Values, Pointers, and References

:: terminology

By: lan-party

value != pointer != reference. But also sometimes value != pointer but pointer == reference. But HOW???

Programming makes my head hurt…

What’s a value?

A value is data that is created, passed around, and stored in a program.

What about a pointer?

Pointers represent addresses to where values are stored in memory. Under the hood, they are simply a number. When a program starts, the operating system assigns it a block of unique and sequential memory addresses. A value is stored at one or more memory addresses, while a pointer represents a particular memory address.

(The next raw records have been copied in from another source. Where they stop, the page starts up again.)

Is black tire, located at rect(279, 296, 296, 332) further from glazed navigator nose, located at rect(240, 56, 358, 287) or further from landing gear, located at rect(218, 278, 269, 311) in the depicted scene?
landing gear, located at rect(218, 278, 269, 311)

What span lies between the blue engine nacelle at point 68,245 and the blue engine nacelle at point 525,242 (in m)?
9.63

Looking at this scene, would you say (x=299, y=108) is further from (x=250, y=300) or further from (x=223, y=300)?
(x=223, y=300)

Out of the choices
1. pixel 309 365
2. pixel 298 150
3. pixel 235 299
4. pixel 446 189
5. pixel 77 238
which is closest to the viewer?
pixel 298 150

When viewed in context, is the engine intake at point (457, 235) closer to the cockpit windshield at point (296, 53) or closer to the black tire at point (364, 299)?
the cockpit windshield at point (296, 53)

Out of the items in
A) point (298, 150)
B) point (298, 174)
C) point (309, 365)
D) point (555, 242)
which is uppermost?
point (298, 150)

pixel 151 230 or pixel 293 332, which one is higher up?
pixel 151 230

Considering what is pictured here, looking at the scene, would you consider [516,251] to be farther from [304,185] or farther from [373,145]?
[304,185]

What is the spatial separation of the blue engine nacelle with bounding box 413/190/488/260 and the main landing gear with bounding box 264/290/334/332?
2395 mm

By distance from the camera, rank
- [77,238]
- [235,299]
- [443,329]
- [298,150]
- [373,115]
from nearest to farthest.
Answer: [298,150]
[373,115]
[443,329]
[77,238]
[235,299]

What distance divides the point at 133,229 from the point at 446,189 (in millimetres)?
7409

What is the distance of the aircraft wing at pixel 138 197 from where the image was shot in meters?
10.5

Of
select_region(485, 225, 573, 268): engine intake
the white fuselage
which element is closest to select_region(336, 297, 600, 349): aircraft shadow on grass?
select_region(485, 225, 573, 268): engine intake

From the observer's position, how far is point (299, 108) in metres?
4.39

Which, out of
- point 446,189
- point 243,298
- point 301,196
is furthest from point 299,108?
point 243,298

Mini c Example: Values and Pointers in Action

int value = 5;
int* pointer = &value;

When started, the above code produces something like this in memory:

MEMORY  →  STORED
ADDRESS    VALUE
    	  ————————
0x1000   |   5    | ← value
     	  ————————
0x4000   | 0x1000 | ← pointer
      	  ————————

In this case, 5 is stored at memory address 0x1000 and can be accessed using the variable name value. pointer is equal to 0x1000 (a.k.a. value’s memory address). Though irrelevant to this example, it is worth noting that pointer is stored at memory address 0x4000.

EXPRESSION  →   VALUE
 value      →   5
&value      →   0x1000
 pointer    →   0x1000
*pointer    →   5
&pointer    →   0x4000

O.K., how about a reference?

References are a purely language-level concept – behind the scenes they are transformed into a combination of values and pointers. In other words, they’re an abstraction which are supposed to make programming easier, but often end up making it more confusing if you think too much about them (see: us while writing this post).

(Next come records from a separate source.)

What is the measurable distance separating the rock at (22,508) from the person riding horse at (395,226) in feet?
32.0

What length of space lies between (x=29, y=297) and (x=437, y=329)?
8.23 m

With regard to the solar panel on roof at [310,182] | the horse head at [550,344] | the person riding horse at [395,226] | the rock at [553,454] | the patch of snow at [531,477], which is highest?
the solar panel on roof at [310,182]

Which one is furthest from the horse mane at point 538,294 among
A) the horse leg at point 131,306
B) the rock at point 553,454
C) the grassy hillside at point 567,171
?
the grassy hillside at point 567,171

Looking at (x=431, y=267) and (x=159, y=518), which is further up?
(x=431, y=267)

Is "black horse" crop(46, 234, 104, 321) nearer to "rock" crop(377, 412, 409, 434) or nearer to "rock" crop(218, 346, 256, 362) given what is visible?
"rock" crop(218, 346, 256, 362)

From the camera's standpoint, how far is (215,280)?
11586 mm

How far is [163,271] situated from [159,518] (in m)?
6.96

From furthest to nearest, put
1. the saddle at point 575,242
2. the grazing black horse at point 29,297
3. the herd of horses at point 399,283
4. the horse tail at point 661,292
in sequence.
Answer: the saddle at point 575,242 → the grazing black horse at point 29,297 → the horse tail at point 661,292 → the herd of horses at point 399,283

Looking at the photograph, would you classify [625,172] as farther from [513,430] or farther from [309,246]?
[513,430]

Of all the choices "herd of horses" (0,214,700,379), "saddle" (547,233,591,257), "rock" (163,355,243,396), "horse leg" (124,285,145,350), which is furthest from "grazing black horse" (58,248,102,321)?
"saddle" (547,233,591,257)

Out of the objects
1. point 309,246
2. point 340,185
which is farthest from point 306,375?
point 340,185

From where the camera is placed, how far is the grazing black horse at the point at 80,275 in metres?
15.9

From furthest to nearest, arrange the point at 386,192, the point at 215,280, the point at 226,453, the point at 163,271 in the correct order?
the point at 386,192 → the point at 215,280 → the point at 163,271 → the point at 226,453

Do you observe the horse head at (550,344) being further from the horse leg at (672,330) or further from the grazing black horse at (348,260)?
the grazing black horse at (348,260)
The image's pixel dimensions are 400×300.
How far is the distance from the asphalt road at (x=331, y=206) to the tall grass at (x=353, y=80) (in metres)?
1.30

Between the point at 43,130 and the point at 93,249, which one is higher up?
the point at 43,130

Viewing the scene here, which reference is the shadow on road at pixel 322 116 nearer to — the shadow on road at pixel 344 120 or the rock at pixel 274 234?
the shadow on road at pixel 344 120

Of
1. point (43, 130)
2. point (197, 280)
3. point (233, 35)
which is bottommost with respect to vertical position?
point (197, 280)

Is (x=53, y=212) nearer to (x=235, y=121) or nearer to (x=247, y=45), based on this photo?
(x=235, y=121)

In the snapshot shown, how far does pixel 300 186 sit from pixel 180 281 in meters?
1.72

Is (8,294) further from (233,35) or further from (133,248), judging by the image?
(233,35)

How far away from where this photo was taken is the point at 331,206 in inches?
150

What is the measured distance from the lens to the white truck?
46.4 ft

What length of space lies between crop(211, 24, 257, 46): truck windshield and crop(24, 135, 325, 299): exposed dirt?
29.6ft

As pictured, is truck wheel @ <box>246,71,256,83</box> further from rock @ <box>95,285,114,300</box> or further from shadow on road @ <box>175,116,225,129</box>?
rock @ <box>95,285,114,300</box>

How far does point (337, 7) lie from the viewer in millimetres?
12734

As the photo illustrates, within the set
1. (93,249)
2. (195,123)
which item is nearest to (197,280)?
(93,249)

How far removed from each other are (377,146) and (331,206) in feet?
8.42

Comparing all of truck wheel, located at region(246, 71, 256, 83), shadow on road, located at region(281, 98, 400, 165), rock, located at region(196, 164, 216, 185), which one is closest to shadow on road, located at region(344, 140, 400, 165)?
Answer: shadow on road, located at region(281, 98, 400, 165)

Concretely, a reference is an alias for a value stored somewhere else in the program. You can think of a reference as a short-hand way of accessing a value, to pass it around or do something with it.

Mini Python Example: Values and References in Action

class Snake(object):
  def __init__(self, name):
    self._name = name

s = Snake("albert")

Here, s is a reference to a specific instance of the Snake class (his name is albert). Note that in python, references can be modified to refer to other values (not true for all languages, like racket or Rust). However, if you did something like s = Snake("NOT albert"), you would no longer have a way of referring to or even accessing the original albert. You could try making him again, but the new Snake wouldn’t be him. It would be a doppelgänger. A false twin. Our dear albert would be lost to the aether.

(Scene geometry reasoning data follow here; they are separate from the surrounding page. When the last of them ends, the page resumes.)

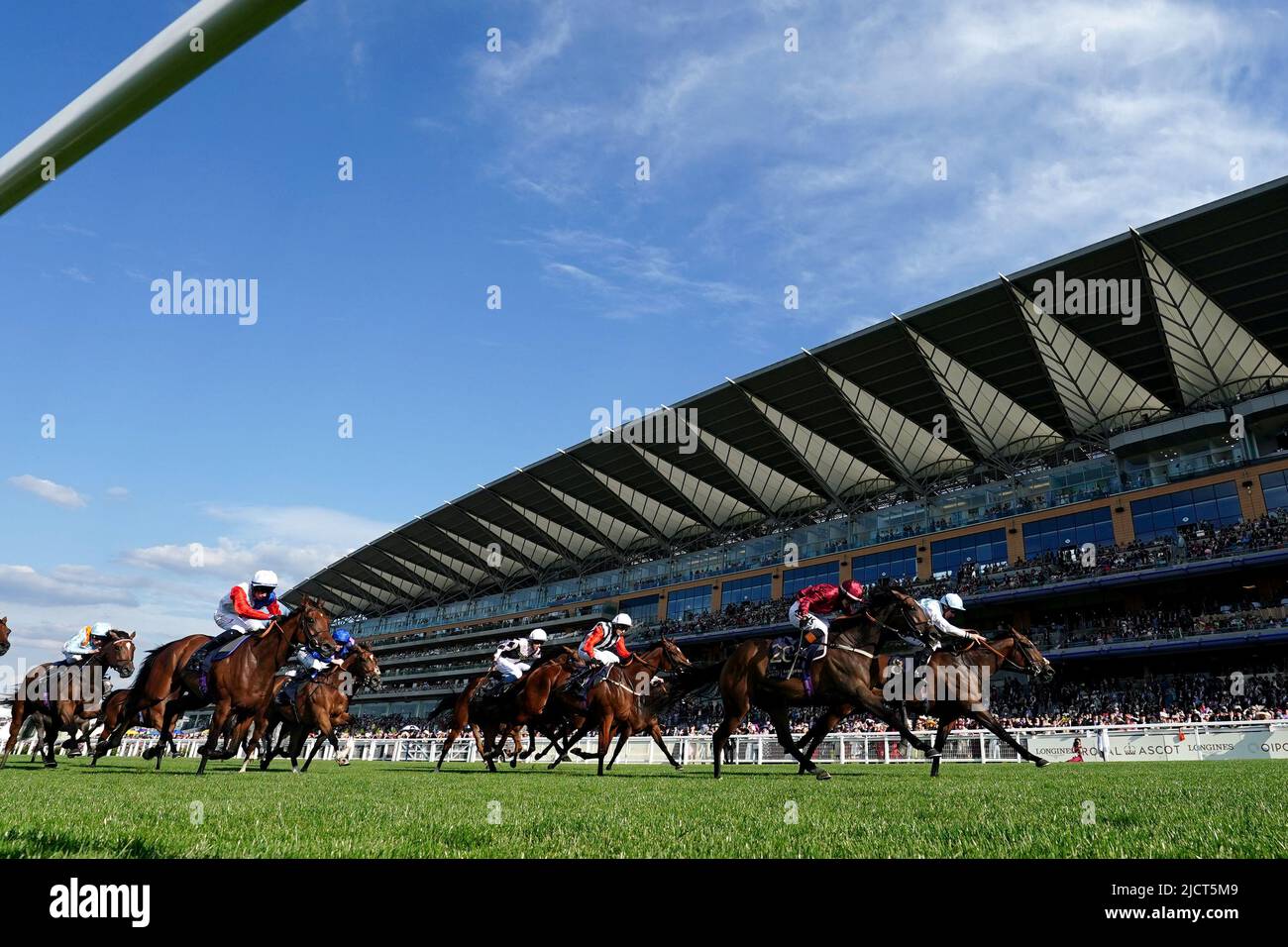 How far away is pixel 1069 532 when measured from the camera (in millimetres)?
40719

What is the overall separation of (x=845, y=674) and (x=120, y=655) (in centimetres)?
1279

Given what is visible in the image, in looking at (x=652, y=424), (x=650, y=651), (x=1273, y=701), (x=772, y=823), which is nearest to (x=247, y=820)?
(x=772, y=823)

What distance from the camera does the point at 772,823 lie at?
15.7 feet

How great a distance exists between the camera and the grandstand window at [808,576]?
4984 cm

Different languages deal with reference-less values in different ways. Java and python will eventually “garbage collect” (overwrite) the memory storing the disused value; c and c++ on the other hand, will leave the memory as-is, causing mayhem and distress for uninitiated plebes (a.k.a. us ♪~ ᕕ(ᐛ)ᕗ).

Language Breakdown

In c++

c++ provides explicit syntax for each of these three concepts, but does so in a nuanced and subtle way. References and pointers both refer to values which live somewhere in memory. Essentially, references are pointers that can’t be nullptr. They were added to c++ after it was initially created, and are usually preferred over pointers (pointers still exist in c++ because they were inherited from c. Remember: c++ is "c with classes").

struct IntContainer {
  int data;
};

void example() {
  IntContainer value;
  value.data = 10; // Use '.' to access things in values

  IntContainer* pointer = &value;
  pointer->data = 15; // Use '->' to dereference pointers
  assert(*pointer == value); // Dereference a pointer itself with '*'

  IntContainer& reference = value; // 'reference' is an alias of 'value'
  reference.data = 30; // Use '.' to access things in references
  assert(reference == value);
}

In c

c supports values and pointers and that’s it. It’s old and clunky but it lets you do whatever you want. Even if that means dereferencing null pointers… or overwriting your entire operating system. Fun fact: when c tries to dereference a null pointer, the operating system stops it with a “SEGFAULT”. Because c knows no limits. Live your best life, c.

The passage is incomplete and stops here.